I had no answers. Only an irrational hope burning deep within me. Still, before sleep caught up to me, I promised her, “Weareclose. We have to be.”
CHAPTER 41
Aweek later, I found myself on another bait and switch with Esta. This time we were taking most of the Wylan team with us, though they were supposed to be resting, because a full team had to stay behind to watch the castle.
We still had no sign of Morana. Not a whisper on the breeze. Not a whisper of Avril’s visions.
Avril was with us, though she had been isolating herself right up until our trip, trying to focus on any vision that came to her. None came to her since that day in the war room.
We visited Zatva, which was closest to The Aaruk. Zatva was not only the southernmost city in Dra Skor, but also the entire realm. The last stop before an endless expanse of sea, which stopped only when the sea turned hard to ice in the farthest reaches of the realm.
We ate the most amazing snapper, caught fresh from Dra Skor’s southern most border. Though it was six hours south of Halikaara Keep, the weather was still milder today than it had been when we stopped at Keld.

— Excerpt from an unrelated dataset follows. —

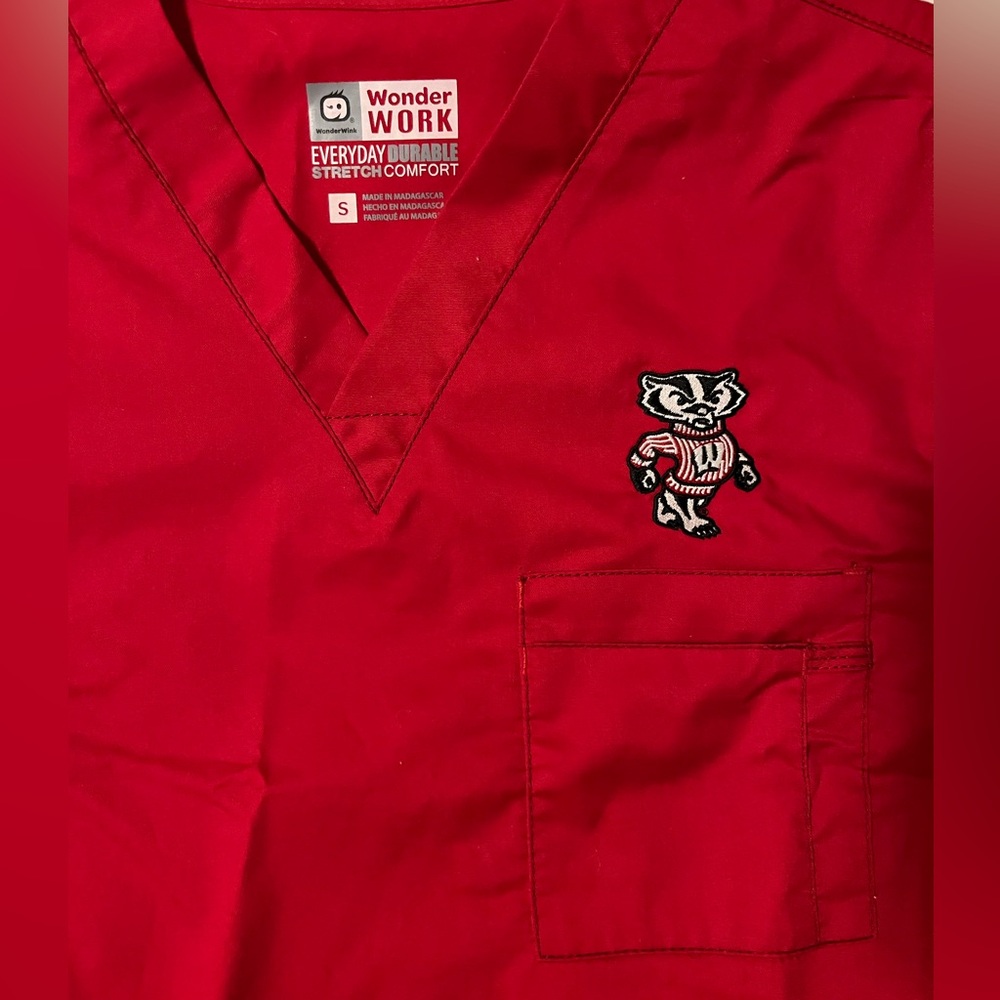 Scrub Top University of WI Badgers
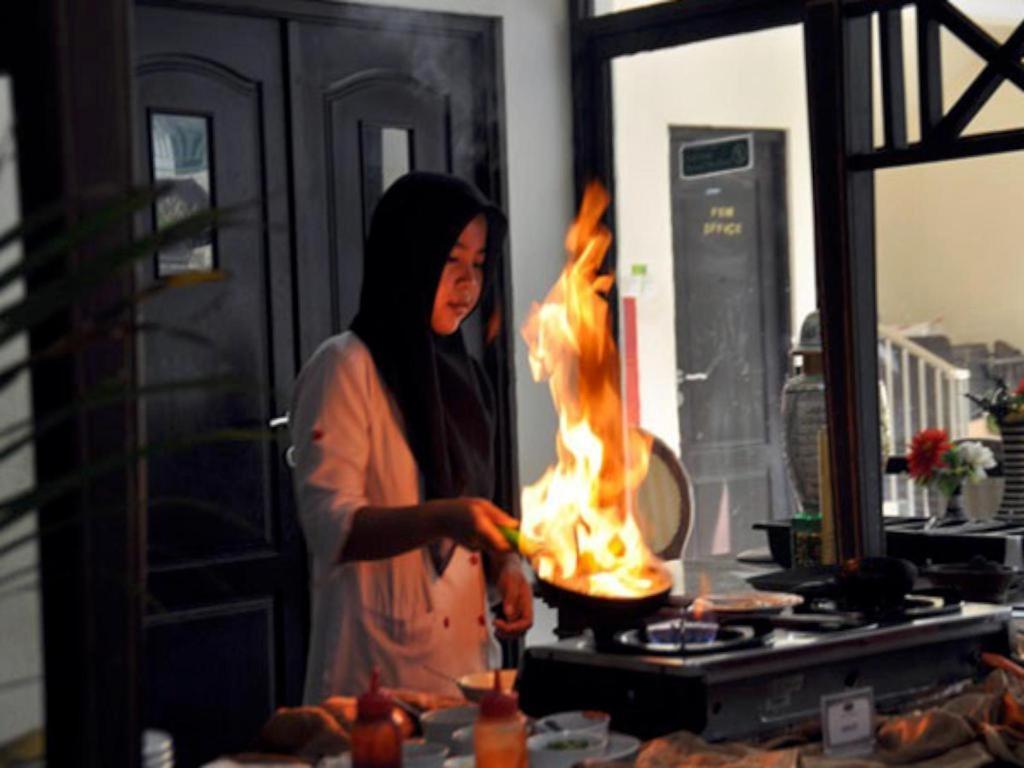 Yusro Hotel Restaurant & Convention Jombang Экстерьер фото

The people of Zatva were kind and excited to see us. We had advertised we were going to Rael, not Zatva, again trying to lure Morana out. And since the farmers of Rael had been so ready to take up arms for Esta, she had warned them to be on the lookout for anything suspicious.

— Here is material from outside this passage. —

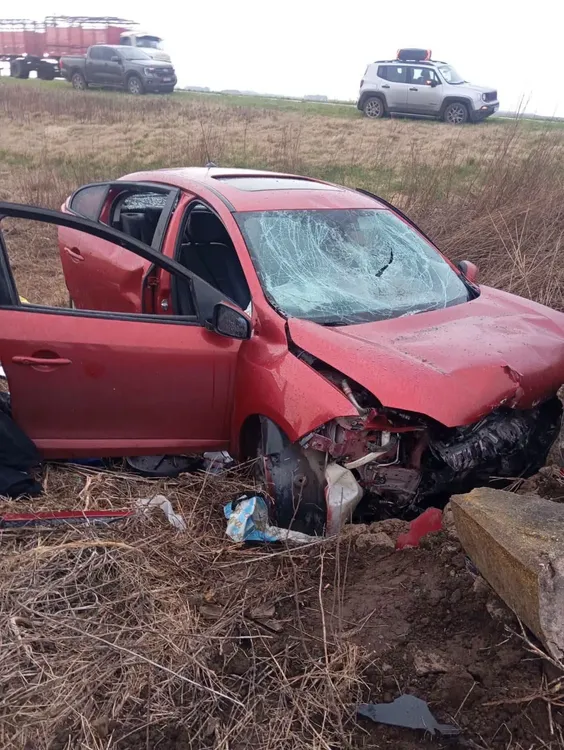 Tres camioneros auxiliaron a un automovilista accidentado cerca de Teodelina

As we ended our long day of meeting different merchants and people, shifter and human alike, we took in the waves rolling at the shore. The sea was so blue here it was striking. Hard to look away. And unlike in Keld where there were various areas of rock and cliffs intermixed with the sandy shore, Zatva had only soft, sandy beaches.

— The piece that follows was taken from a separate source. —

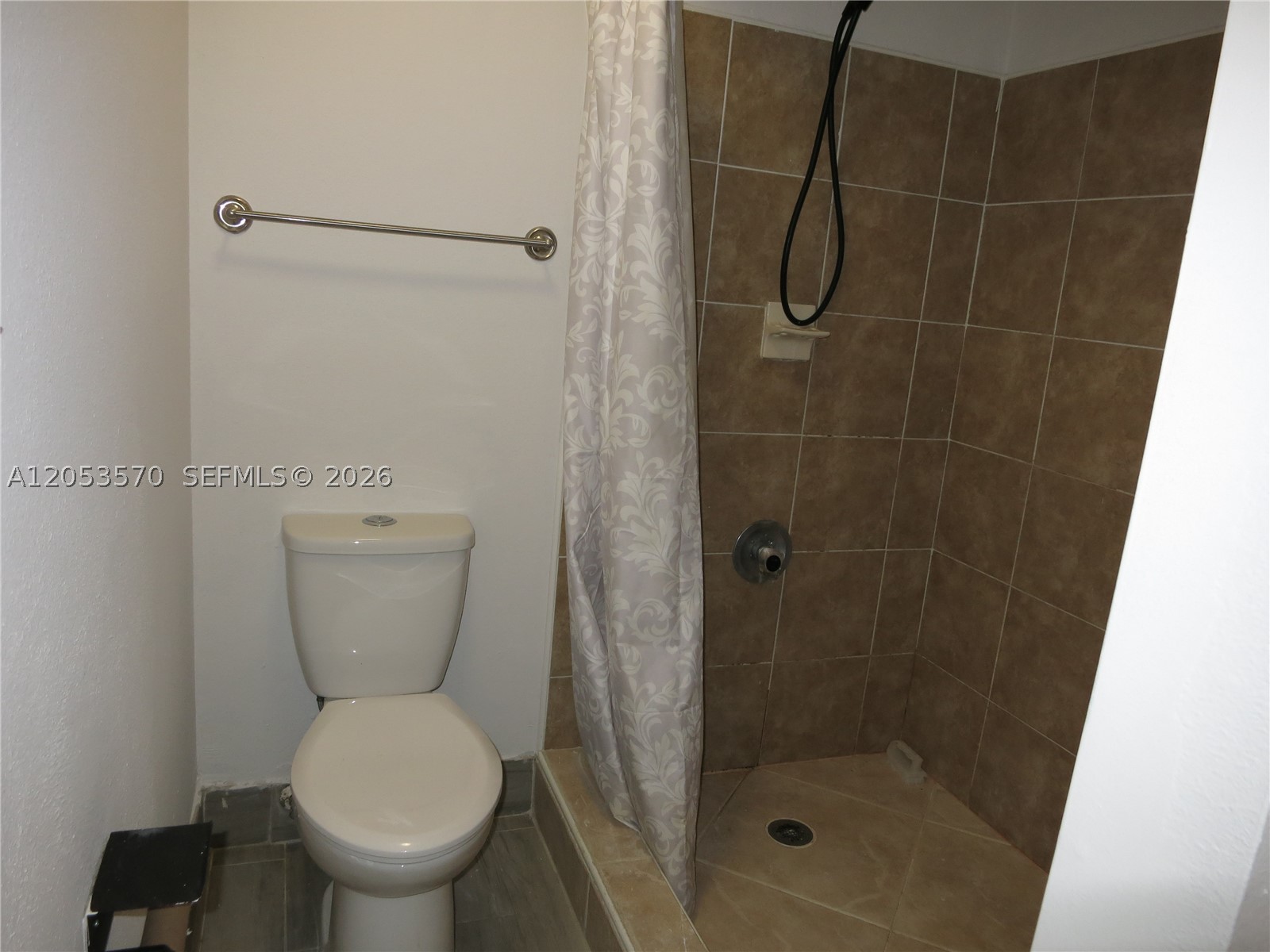 BISCAYNE BEACH CLUB CONDO - Residential Lease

It reminded me of the beach in Wylan I had spent so much time sitting on.
“Are you ready to head home?” Esta asked as she walked up to me, tucking her arm through mine. “We have to meet with Amory when we return.”
And it would take us hours to return. I wasn’t looking forward to the ache of traveling that far. “Five more minutes?”
She gave me a smirk and a nod.
After the crazy of the last few days, I just needed to breathe deep and take in the salty air. I needed to be reminded that though the realm was crawling with evil intentions and the divisive cruelty of one woman who had caused Dra Skor so much pain, there was still something good left. The waves would still roll. The sunsets would still paint the sky. Beauty was still to be found.
Zatva had almost twenty healed shifters already. Along with a dozen solar powered lamps which we delivered with us. Dra Skor was healing. It wasn’t as fast as any of us liked, but one day at a time, we were getting there. In a year, I wondered if we would have all the shifters healed. In two years, would Dra Skor have solar powered electricity throughout?
Would we ever find Morana? Or would she disappear until allthat remained of her was a whispered warning, the legend of the jealous cousin.
I wanted to believe that after everything I had gone through in Wylan, justice could still be found. That we would find her. But I also knew that life didn’t always tie up nicely. And even when it did, there were still plenty of hurts to have to dig through and learn from. Scars to learn to carry and not hide.
I was not dense enough to think that just because we found Morana, that alone would deliver peace to the realm. It was something we would have to keep fighting for, keep choosing, day after day. That was why in a few days I would head to Agria, even with everything else going on.
Life was fluid, ebbing us between the highs and lows no matter what threat came from the darkness, no matter who the current villain was.